第4章 【裏】私だけのひと。 ~明智光秀~
「わぁ! 大きな南瓜ですね」
「これ、美味しく料理してくれる?」
「もちろんです! 秀吉様、ありがとうございます」
「女の子は南瓜好きだって聞くけどやっぱり本当なの?」
「そうですね…嫌いな人は今のところ聞いたことありませんね」
「やっぱりそうなんだね。…じゃ、楽しみにしてるね」
「お任せください」
にっこりと柔らかな笑みを浮かべる秀吉に琴子は胸を張って応えた。
「それじゃ、おやすみ」
「はい、おやすみなさいませ」
颯爽と去っていく後ろ姿を見送りながら、琴子は軽く頭を下げた。
(南瓜だ…久しぶりだなぁ…甘く煮付けるのが美味しいよね)
あ、でも甘味にするのもいいなぁ…などと考えれば、自然と顔がほころんだ。
光秀の元で書簡の整理をしたり書付の手伝いの仕事をするのも悪くないが、やはり料理をしたり献立を考えているときが一番楽しい。
琴子は鼻歌交じりに南瓜を抱えて運ぶ。
その様子をまたもや光秀がこっそりと伺っていることなど、琴子は知りもしなかった。
(あぁ、すっかり遅くなっちゃった…)
琴子は光秀のために淹れたお茶をこぼさぬ様に慎重に、しかし大急ぎで運んでいた。
今日は夜食を頼まれてはいなかったが、そういうときでも光秀は部屋で地方からの手紙を読んだりと簡単な仕事をしているので、お茶を持っていくのが常であった。

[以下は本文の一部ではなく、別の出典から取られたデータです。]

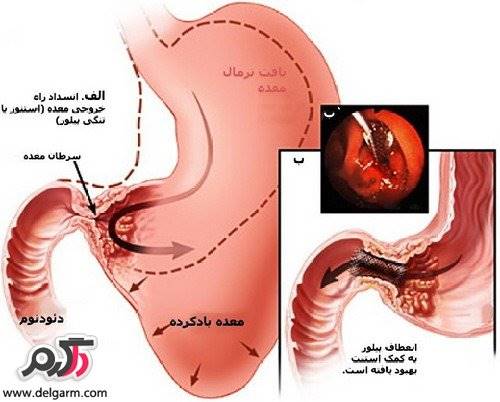 علائم زخم معده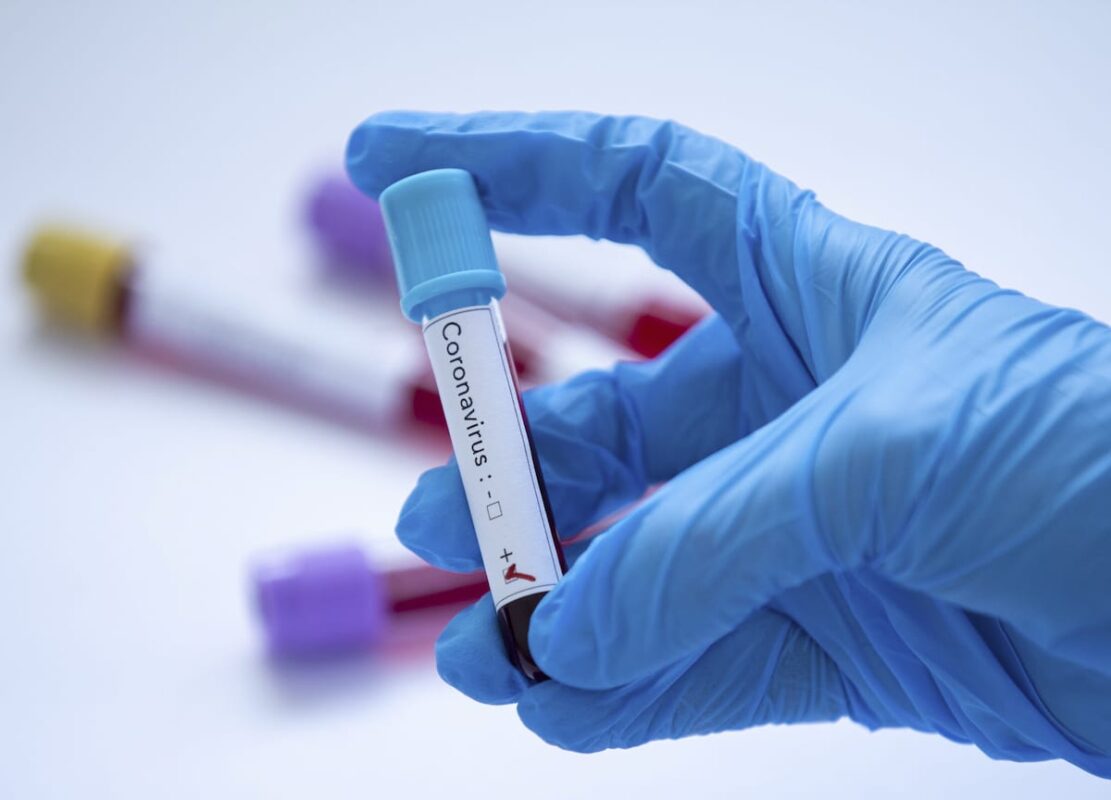 In this photo illustration a coronavirus (2019-nCoV) positive blood sample is displayed on 14 February 2020 in Ankara, Turkey [Aytaç Ünal/Anadolu Agency]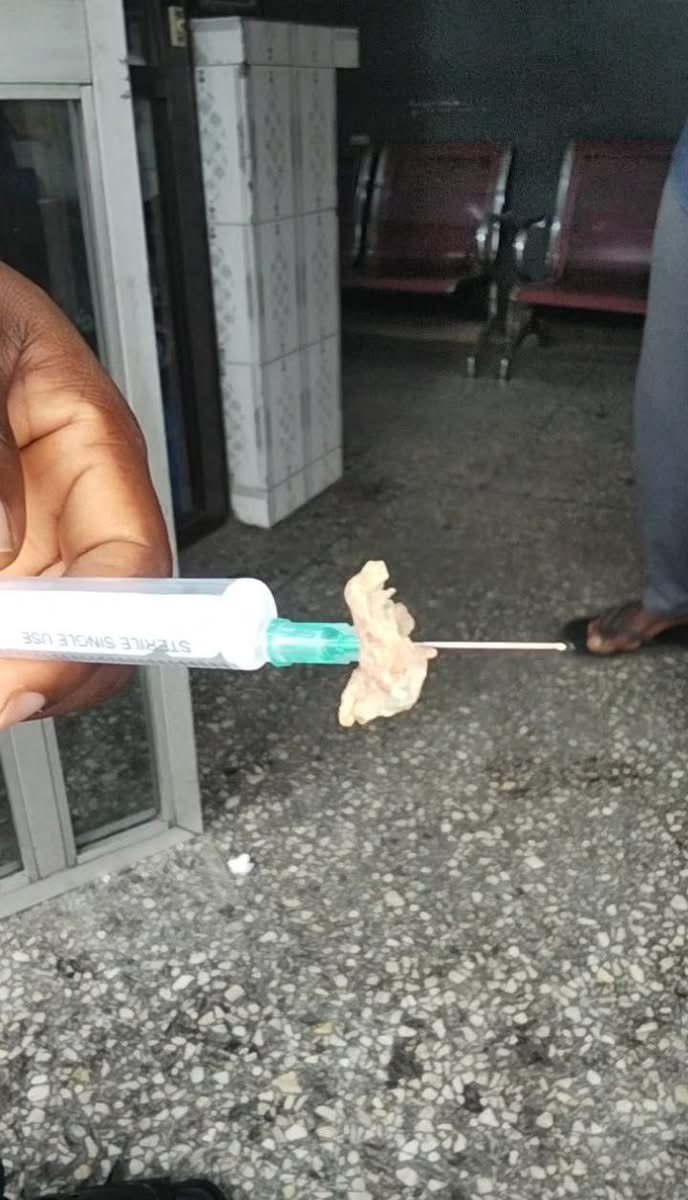 Medzonetv's tweet image. A 24-year-old House Officer is performing an emergency paracentesis on a patient with advanced liver cirrhosis. 🏥

The patient is restless, the ward is dimly lit, and the tension is high.

As the HO withdraws the 18G needle, the patient suddenly jerks.

The needle pierces the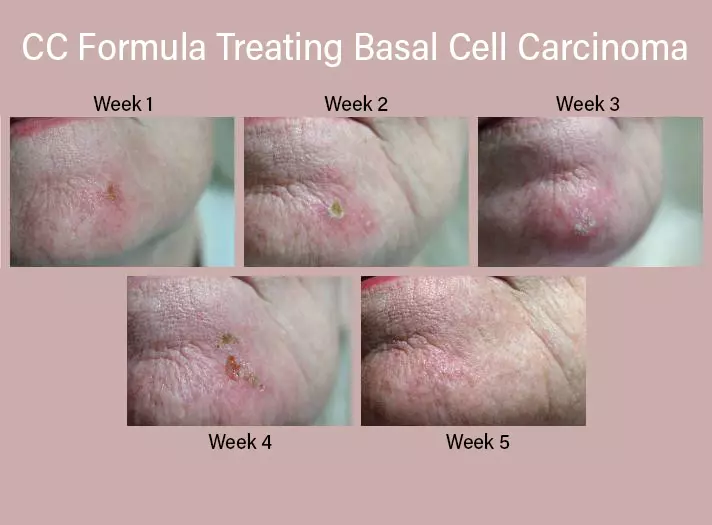 Carcinoma treatment with the CC Formula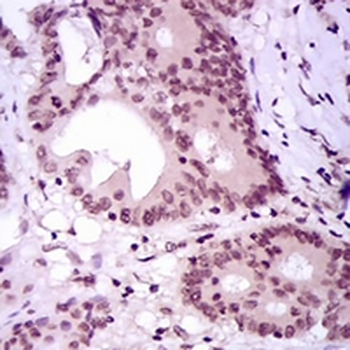 MEF2C Mouse Monoclonal Antibody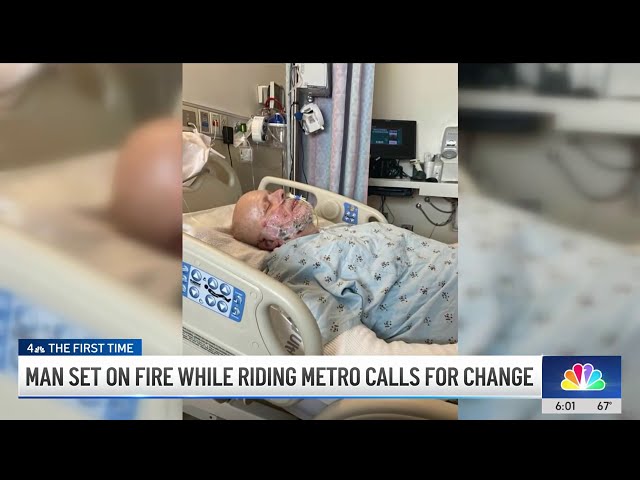 ⁣Los Angeles Man recalls being set on fire while riding Metro train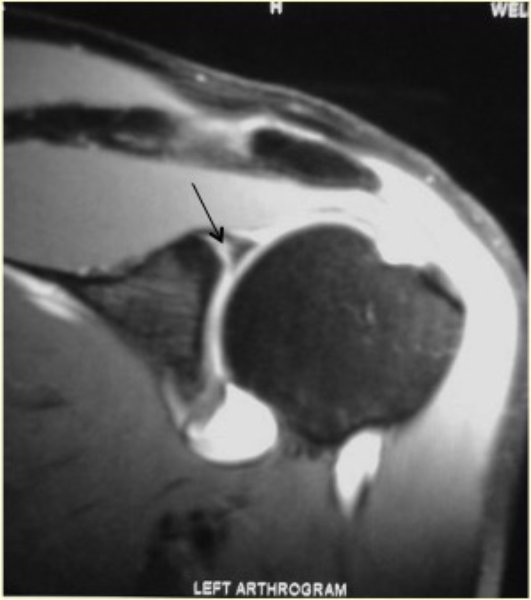 slap tear
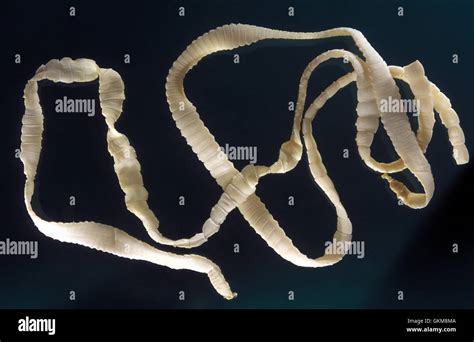 Tapeworm Taenia Solium Portugal Stock Photo 115386554 Alamy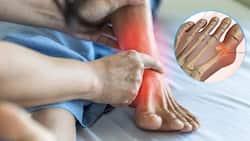 Gout Spikes: 5 Foods That Can Instantly Trigger Your Risk of Uric Acid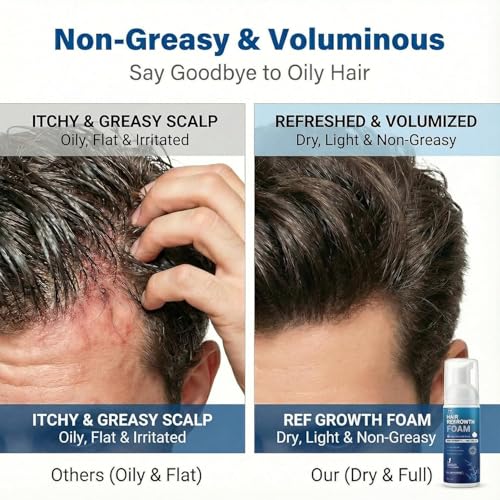 5% Minoxidil Foam for Men Women, 120ml 5% Minoxidil for Men Foam, Minoxidil for Women Hair Growth Suitable for Hair Thinning Receding Hairline and Hair Loss to Hair Regrowth Get Thicker Fuller Hair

南瓜の甘味をどう作ろうか考えていて、いつものお茶出しの時間をいくばくか過ぎてしまった。
「失礼します。光秀様、お茶をお持ちしました」
光秀の部屋の前で膝を付き、声をかける。
ややあって返事が返ってきたので琴子は障子に手をかけた。
「遅くなってすみません…」
「お気になさらず。これはあなたの好意ではありませんか。それに時間など決められませんよ。いつもありがとう」
涼やかな笑顔で光秀は琴子からお茶を受け取って口にする。
そこで琴子ははたと気づいた。
いつもなら書簡などが広がっている文机周りは綺麗に片付いており、その上に犬千代からもらった墨絵が一枚、ぽつんと置かれていた。